Kalimat itu sekilas ringan, namun mampu mengguncang hati. Orang yang mendengarnya terdiam, sebagian mengangguk, sebagian lain menunduk.
Jika diterjemahkan, maknanya sederhana: jangan sampai punya tanah tetapi tak bisa berladang, punya rumah tetapi tetap kehujanan, punya garam tetapi masakan hambar. Dan jangan sampai hanya memiliki cerita, sementara orang lain yang merasakan manfaatnya.
Wasiat Seorang Pemimpin
Pesan tersebut bukan sekadar nasihat, melainkan wasiat seorang pemimpin yang melihat bangsanya terpinggirkan di tanah sendiri. Tjilik Riwut mengingatkan agar masyarakat Dayak tidak sekadar menjadi pewaris nama, tetapi juga pewaris makna.

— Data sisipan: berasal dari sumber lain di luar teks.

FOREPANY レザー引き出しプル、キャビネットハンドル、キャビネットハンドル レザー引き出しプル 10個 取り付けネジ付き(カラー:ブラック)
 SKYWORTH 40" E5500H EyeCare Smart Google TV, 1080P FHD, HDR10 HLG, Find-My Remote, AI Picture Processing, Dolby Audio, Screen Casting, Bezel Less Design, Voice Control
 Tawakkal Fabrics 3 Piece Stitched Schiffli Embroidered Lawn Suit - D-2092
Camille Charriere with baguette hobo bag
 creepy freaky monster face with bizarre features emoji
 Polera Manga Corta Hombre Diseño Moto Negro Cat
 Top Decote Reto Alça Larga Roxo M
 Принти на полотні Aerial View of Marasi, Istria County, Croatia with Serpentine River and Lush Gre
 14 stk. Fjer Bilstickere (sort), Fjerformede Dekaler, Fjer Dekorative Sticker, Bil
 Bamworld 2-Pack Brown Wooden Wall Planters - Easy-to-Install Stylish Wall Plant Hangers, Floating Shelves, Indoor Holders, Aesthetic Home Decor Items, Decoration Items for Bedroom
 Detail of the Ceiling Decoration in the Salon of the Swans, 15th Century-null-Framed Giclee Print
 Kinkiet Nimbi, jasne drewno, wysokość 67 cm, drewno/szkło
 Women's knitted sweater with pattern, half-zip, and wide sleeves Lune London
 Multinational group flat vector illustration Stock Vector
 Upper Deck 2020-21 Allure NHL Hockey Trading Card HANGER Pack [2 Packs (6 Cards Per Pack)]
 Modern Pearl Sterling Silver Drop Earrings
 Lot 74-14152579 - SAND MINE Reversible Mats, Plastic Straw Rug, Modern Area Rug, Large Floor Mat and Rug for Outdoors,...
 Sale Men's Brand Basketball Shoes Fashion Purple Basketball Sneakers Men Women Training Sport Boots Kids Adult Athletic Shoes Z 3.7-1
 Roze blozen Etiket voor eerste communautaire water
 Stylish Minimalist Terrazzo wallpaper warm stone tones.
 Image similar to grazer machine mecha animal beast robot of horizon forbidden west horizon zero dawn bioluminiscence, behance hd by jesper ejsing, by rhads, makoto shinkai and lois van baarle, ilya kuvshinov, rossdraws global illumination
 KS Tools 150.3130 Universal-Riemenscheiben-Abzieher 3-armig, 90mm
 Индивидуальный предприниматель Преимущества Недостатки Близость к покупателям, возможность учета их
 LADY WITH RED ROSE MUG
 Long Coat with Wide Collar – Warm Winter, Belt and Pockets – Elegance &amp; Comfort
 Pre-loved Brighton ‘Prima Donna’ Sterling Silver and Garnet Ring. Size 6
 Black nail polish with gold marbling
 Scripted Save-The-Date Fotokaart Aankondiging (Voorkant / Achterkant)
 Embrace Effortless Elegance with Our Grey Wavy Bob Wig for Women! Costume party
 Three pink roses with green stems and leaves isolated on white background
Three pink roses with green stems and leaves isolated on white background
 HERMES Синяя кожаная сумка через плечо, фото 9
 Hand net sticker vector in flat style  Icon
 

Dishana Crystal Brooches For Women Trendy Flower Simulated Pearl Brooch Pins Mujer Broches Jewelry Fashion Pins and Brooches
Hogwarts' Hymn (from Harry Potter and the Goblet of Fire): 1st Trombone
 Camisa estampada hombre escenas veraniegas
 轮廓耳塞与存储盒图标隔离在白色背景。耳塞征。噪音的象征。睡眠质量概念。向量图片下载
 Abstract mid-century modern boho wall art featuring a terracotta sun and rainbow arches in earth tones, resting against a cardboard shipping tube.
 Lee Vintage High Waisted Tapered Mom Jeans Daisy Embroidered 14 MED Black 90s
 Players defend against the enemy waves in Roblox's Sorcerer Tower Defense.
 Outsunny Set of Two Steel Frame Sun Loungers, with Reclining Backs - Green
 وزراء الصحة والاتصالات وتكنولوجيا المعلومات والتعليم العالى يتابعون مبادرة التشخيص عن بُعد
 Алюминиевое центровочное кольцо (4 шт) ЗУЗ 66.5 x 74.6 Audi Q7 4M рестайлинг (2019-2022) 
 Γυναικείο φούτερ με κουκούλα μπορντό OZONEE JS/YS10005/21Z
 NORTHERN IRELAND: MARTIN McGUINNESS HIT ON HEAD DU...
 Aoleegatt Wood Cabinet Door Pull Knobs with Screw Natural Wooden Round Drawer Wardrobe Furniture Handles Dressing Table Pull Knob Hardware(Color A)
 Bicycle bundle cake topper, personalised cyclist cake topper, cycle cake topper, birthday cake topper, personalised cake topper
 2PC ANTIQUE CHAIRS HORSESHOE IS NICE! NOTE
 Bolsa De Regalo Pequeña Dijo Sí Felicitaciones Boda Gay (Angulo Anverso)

Tanah bagi orang Dayak bukan hanya tempat berpijak, tetapi juga sumber kehidupan. Dari tanah tumbuh hutan, sungai, ladang, padi, rotan, hingga buah-buahan. Bahkan, tanah juga tempat kembali, menyatu dengan leluhur.
Sejak ribuan tahun, Dayak telah mengenal cara berladang yang arif membuka ladang, menanam, lalu memberi waktu istirahat agar tanah kembali subur. Itu bentuk penghormatan terhadap alam.
Relevansi di Tengah Perubahan
Kini, kondisi berbeda. Banyak tanah Dayak masuk dalam konsesi perkebunan sawit maupun tambang. Jalan besar dibangun, tetapi kampung-kampung justru semakin terpinggirkan. Ironisnya, pemilik sah tanah kerap berakhir sebagai buruh di tanahnya sendiri.
Dalam konteks itu, pesan Tjilik Riwut semakin relevan. Tanah tidak cukup hanya diwarisi, melainkan harus dijaga, dikuasai, dan dikelola. Tanpa itu, identitas Dayak akan tergerus.
“Jika tanah hilang, maka budaya pun akan runtuh,” demikian inti pesan yang masih bergema hingga kini.